Myanmar has deployed 500 soldiers to the Muslim-majority northern part of Rakhine state amid fears of another wave of crackdown on Rohingya Muslims.
Two military sources based in the northwestern state said the decision was taken after seven Buddhists were found dead in mountains near the town of Maungdaw last week.
One of the military sources said about 500 troops were sent to several towns, including Buthidaung and Maungdaw, near the border with Bangladesh on Thursday.
Residents claim the seven Buddhists were killed after they discovered a camp for Rohingya fighters.
The government blames the incident on “extremists,” accusing the fighters of killing informants in the Muslim community.

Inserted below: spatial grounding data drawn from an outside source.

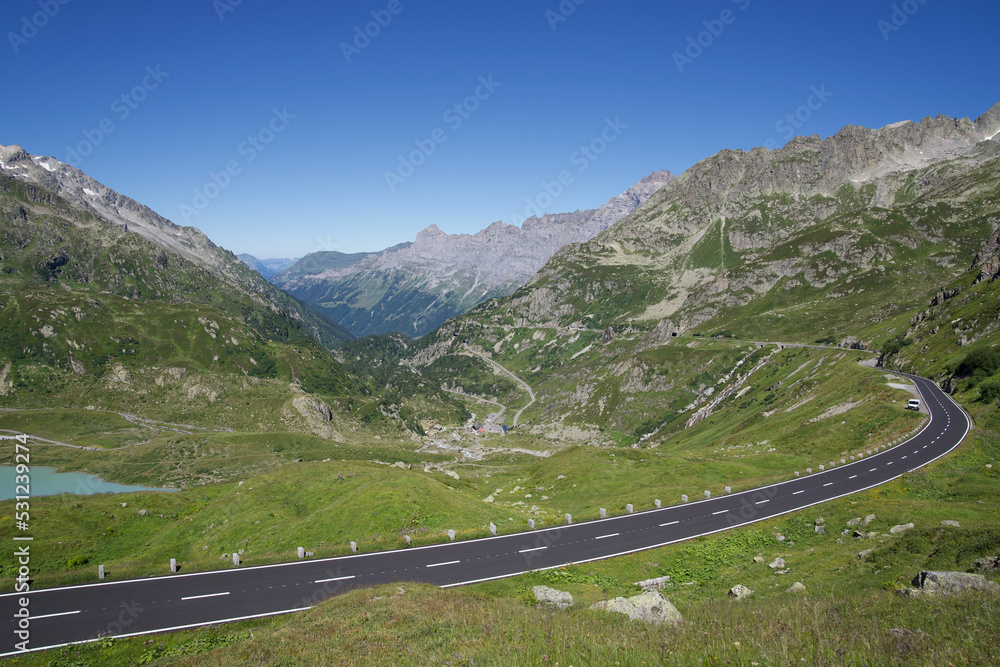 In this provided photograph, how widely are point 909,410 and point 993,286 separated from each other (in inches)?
3164

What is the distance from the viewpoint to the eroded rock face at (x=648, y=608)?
18.5 meters

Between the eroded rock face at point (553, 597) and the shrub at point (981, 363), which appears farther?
the shrub at point (981, 363)

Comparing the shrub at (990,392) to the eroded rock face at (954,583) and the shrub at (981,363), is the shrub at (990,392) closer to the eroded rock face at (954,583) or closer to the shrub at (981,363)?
the shrub at (981,363)

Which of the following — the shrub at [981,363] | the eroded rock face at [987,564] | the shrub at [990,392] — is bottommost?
the shrub at [990,392]

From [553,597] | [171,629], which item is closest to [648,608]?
[553,597]

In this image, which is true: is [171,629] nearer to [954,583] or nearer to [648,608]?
[648,608]

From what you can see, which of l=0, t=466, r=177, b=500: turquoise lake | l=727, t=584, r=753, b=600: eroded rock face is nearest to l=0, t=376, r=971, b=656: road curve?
l=727, t=584, r=753, b=600: eroded rock face

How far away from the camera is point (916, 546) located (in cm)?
2308

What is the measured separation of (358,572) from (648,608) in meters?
22.0

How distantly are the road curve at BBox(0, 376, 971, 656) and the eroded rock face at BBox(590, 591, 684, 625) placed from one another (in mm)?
12655

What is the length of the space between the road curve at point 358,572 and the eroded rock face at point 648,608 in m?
12.7

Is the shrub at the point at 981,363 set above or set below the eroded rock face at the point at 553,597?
below

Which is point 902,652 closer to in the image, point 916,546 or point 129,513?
point 916,546

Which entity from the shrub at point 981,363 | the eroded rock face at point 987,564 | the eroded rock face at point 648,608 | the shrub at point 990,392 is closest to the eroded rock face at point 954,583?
the eroded rock face at point 987,564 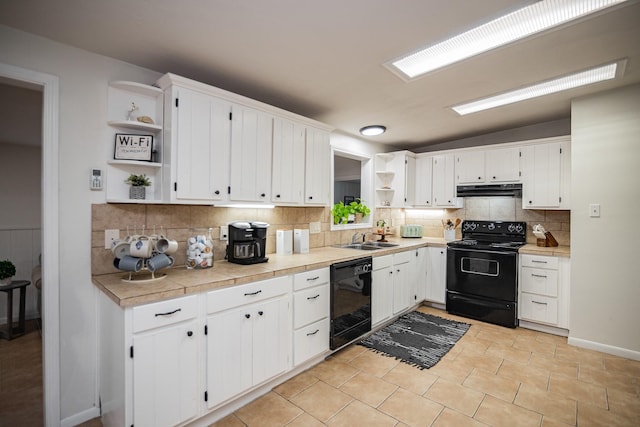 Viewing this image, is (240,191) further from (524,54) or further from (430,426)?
(524,54)

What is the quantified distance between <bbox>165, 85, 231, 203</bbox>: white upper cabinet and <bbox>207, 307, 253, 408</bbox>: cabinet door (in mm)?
884

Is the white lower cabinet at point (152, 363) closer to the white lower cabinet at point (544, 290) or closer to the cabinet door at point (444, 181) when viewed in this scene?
the white lower cabinet at point (544, 290)

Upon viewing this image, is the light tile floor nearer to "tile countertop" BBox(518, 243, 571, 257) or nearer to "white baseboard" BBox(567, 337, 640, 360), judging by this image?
"white baseboard" BBox(567, 337, 640, 360)

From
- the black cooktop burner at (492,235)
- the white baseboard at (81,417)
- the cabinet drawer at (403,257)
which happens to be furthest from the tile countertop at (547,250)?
the white baseboard at (81,417)

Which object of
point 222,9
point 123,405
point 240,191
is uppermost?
point 222,9

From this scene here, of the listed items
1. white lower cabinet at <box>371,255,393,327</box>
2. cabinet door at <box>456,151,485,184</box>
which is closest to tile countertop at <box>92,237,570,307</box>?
white lower cabinet at <box>371,255,393,327</box>

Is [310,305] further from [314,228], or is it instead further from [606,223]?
[606,223]

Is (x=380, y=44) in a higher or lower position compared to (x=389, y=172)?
higher

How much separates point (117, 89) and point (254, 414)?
2466 millimetres

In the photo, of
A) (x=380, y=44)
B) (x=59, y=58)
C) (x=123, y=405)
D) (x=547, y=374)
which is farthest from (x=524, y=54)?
(x=123, y=405)

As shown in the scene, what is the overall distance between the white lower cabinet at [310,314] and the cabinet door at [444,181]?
266 cm

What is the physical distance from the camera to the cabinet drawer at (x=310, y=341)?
244 centimetres

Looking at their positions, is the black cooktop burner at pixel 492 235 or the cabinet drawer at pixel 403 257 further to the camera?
the black cooktop burner at pixel 492 235

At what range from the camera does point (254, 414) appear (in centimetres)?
205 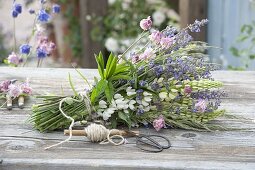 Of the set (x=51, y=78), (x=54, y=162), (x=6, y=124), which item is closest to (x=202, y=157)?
(x=54, y=162)

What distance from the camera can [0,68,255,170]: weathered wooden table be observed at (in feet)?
5.11

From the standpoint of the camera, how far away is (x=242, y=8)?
4.46 m

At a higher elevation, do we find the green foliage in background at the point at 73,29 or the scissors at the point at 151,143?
the green foliage in background at the point at 73,29

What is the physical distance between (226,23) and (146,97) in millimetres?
3122

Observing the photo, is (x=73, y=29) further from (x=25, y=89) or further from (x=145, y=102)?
(x=145, y=102)

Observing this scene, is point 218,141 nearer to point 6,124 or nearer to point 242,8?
point 6,124

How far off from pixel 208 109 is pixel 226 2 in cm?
305

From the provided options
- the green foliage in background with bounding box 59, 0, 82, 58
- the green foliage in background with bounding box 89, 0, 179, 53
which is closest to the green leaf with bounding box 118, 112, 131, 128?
the green foliage in background with bounding box 89, 0, 179, 53

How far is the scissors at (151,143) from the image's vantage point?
167 cm

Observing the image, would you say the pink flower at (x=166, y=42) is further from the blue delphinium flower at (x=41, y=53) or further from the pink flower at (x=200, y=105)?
the blue delphinium flower at (x=41, y=53)

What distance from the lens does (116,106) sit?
178cm

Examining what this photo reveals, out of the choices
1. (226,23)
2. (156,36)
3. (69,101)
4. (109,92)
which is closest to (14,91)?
(69,101)

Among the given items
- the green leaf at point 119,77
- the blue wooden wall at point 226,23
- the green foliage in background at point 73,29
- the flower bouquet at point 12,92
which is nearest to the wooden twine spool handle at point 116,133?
the green leaf at point 119,77

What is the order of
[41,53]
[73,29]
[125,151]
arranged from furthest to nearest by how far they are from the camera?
[73,29], [41,53], [125,151] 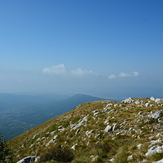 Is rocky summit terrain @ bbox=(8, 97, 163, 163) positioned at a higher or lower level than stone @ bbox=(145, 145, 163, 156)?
lower

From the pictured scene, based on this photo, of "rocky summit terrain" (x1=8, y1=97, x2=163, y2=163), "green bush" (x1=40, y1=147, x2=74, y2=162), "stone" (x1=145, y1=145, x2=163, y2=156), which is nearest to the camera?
"stone" (x1=145, y1=145, x2=163, y2=156)

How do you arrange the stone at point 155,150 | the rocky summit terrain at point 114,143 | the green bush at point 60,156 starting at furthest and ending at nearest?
the green bush at point 60,156 → the rocky summit terrain at point 114,143 → the stone at point 155,150

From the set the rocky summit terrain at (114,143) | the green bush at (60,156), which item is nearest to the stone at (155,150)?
the rocky summit terrain at (114,143)

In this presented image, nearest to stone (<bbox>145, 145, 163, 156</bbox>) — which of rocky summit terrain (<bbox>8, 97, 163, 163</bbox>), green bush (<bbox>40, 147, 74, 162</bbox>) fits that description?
rocky summit terrain (<bbox>8, 97, 163, 163</bbox>)

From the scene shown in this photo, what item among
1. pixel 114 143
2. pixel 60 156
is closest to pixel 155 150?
pixel 114 143

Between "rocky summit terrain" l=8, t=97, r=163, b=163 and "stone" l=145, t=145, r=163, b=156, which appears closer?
"stone" l=145, t=145, r=163, b=156

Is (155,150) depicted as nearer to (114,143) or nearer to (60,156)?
(114,143)

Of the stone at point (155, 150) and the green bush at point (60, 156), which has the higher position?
the stone at point (155, 150)

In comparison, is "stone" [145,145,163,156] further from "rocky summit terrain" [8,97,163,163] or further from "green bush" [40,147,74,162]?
"green bush" [40,147,74,162]

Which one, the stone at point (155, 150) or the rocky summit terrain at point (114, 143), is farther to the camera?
the rocky summit terrain at point (114, 143)

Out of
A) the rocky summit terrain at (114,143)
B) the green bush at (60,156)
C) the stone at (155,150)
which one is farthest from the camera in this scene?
the green bush at (60,156)

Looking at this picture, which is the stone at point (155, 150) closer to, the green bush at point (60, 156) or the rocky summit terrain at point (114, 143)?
the rocky summit terrain at point (114, 143)

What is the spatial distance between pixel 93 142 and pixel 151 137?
5.65 metres

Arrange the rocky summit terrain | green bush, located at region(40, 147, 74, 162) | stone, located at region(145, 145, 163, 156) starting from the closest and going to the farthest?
stone, located at region(145, 145, 163, 156) < the rocky summit terrain < green bush, located at region(40, 147, 74, 162) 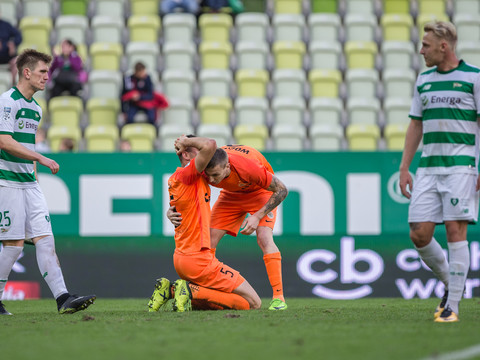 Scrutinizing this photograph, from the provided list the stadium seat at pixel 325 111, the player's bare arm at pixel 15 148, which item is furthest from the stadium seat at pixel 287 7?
the player's bare arm at pixel 15 148

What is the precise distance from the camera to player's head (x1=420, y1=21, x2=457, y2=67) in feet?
17.4

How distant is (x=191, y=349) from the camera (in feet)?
13.5

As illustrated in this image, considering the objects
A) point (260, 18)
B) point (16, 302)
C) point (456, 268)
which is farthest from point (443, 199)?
point (260, 18)

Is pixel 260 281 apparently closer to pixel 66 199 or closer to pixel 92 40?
pixel 66 199

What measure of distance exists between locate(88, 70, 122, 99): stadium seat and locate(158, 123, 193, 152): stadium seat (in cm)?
138

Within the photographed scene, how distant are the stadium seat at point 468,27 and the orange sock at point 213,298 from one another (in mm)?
9206

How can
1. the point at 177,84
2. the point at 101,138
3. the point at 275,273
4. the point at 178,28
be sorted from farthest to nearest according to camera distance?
the point at 178,28
the point at 177,84
the point at 101,138
the point at 275,273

Rakhine State police chief Colonel Sein Lwin said, “We have to increase security operations because the security situation has worsened, some Muslims and Buddhists have been killed by the insurgents.”
This photo taken on July 13, 2017 shows a Muslim family in Maung Hnama village, Myanmar’s Rakhine state. (Photo by AFP)
The stepped-up measures raised fears of a fresh wave of violence against the Rohingya after last year’s crackdown that was launched in the wake of a deadly attack on the country’s border guards on October 9, 2016 which left nine policemen dead. The government blamed the Rohingya for the assault.
Nearly 75,000 people have fled from the Muslim-majority northern part of Rakhine to Bangladesh since Myanmar’s military launched the crackdown, according to a UN report.
There have been numerous accounts by eyewitnesses of summary executions, rapes and arson attacks against Muslims since the crackdown began. The military has blocked access to Rakhine and banned journalists and aid workers from entering the zone.
The United Nations has warned that the ongoing human rights violations against the Rohingya in Rakhine could be tantamount to “crimes against humanity.”
Myanmar’s government has denied entry to the members of a United Nations fact-finding mission tasked with investigating allegations of crimes by security forces against the Rohingya.
Rakhine operation ‘major concern’: UN expert
Meanwhile, a UN human rights expert voiced alarm Friday at the Thursday deployment of the army battalion to Rakhine state, warning that warned the development was “a cause for major concern.”
“The government must ensure that security forces exercise restraint in all circumstances and respect human rights in addressing the security situation in Rakhine State,” said UN special rapporteur Yanghee Lee.
ASEAN Parliamentarians for Human Rights (APHR), a human rights group, also expressed concern on Friday about the increased number of soldiers in the troubled state.
“Aung San Suu Kyi should call on all parties, including the Myanmar army, to take steps to de-escalate conflict in northern Rakhine state, rather than exacerbate it,” said Eva Kusuma Sundari, a member of APHR’s board, referring to Myanmar’s state counsellor.
Myanmar’s government already denies full citizenship to the 1.1 million-strong Rohingya population that lives there, branding them illegal immigrants from Bangladesh, but the Rohingya community track their ancestors many generations back in Myanmar.